SANTA ANA, Calif. – Among the top consumer health trends expected to make headlines in 2012 is the rise of Flexitarians — people who reduce their meat intake for health reasons but still occasionally consume animal protein, according to a leading national research group studying health-related attitudes and behavior in America.
Observational studies were used by The Values Institute at DGWB, a social science research entity based in Santa Ana, Calif., to identify five health and wellness trends Americans are most likely to embrace in 2012.
The top-five consumer health trends for 2012 are:
1. The recent surge in the popularity of liquid energy shots like Red Bull, Monster and 5-Hour Energy should continue. These products are becoming more popular with seniors and are far beyond a Millennial-only trend, as witnessed by 5-Hour's partnership with actor John Ratzenberger of “Cheers” fame. However, there is a potential for a backlash as health-seeking consumers look for the same boost from 100 percent natural sources with familiar ingredients, such as green tea extract, vitamins, whole grains, raw foods like bananas and dates plus specifically designed products like Jamba Juice and V8 Energy Shots.
2. Just as fitness and diet were to the 1980s and 1990s, enhancing sleep may be to this decade. More consumers are expected to connect health and sleep in 2012 as they discover new evidence linking inadequate sleep with weight gain, high blood pressure, depression and lowered immunity. Most Americans (76 percent) want to improve their quantity and quality of the sleep; two-thirds of all women have regular sleep problems, according to the National Sleep Foundation. And the World Association of Sleep Medicine claims sleep deprivation affects the quality of life of 45 percent of the world's population.

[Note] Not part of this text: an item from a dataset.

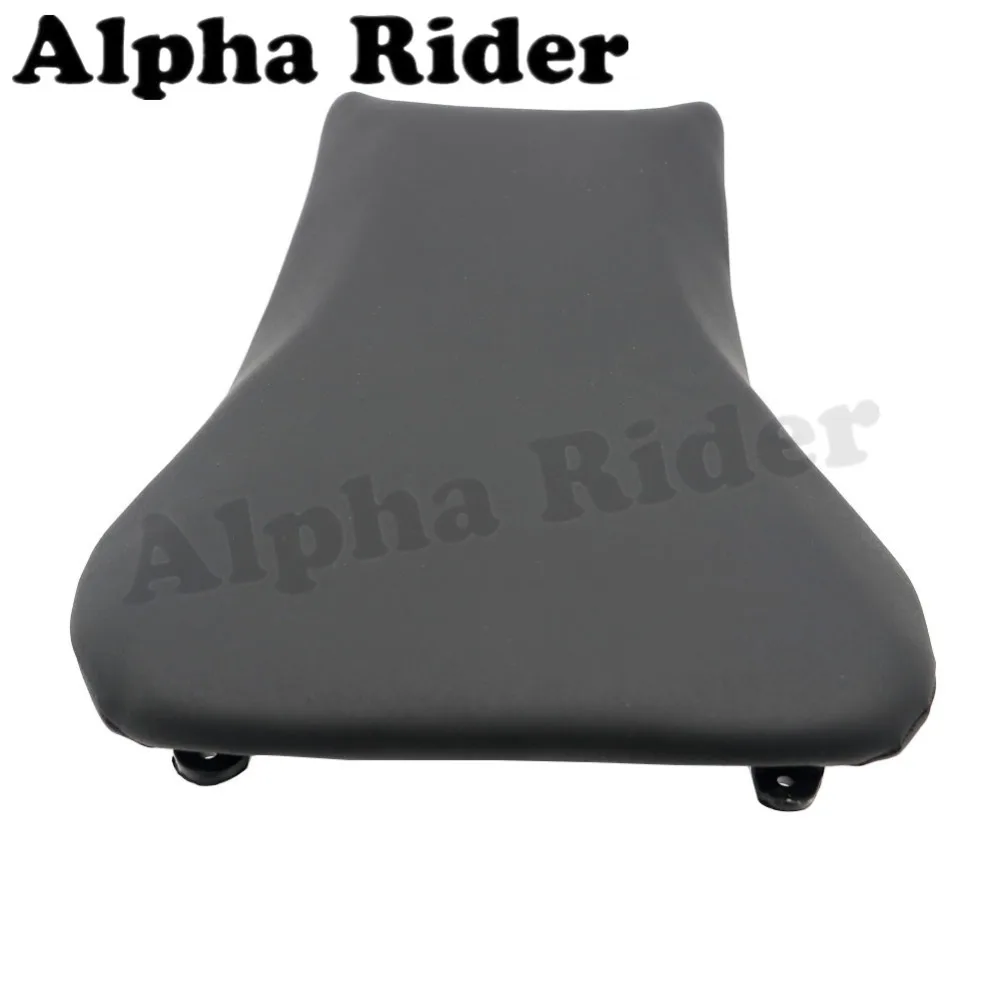Front Pillion Driver Seat Fender Cover Sitting Pad Cushion Artificial Leather for BMW S1000RR 12-14 S 1000 RR 2012-2013 2014
Front Pillion Driver Seat Fender Cover Sitting Pad Cushion Artificial Leather for BMW S1000RR 12-14 S 1000 RR 2012-2013 2014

3. Although the US vegetarian/vegan population will remain small, more consumers are expected to become "Flexitarians," people who reduce their meat intake for health reasons but still occasionally enjoy animal protein, in 2012. One example of this trend is the growing popularity and social media following of the Meatless Monday initiative, developed in association with John Hopkins' Bloomberg School of Public Health.
4. Americans often lack the motivation and accountability to make exercise a part of their regular routine, even though they realize they need it. New social-media platforms offer this encouragement digitally. For example, Stikk.com empowers consumers to create Commitment Contracts to lose weight, exercise regularly or quit smoking.
5. The DIY (do it yourself) health movement that started as a backlash to high medical costs and impersonal service will continue to surface in 2012 as smartphone applications enabling consumers to monitor their health anytime they desire gain in popularity.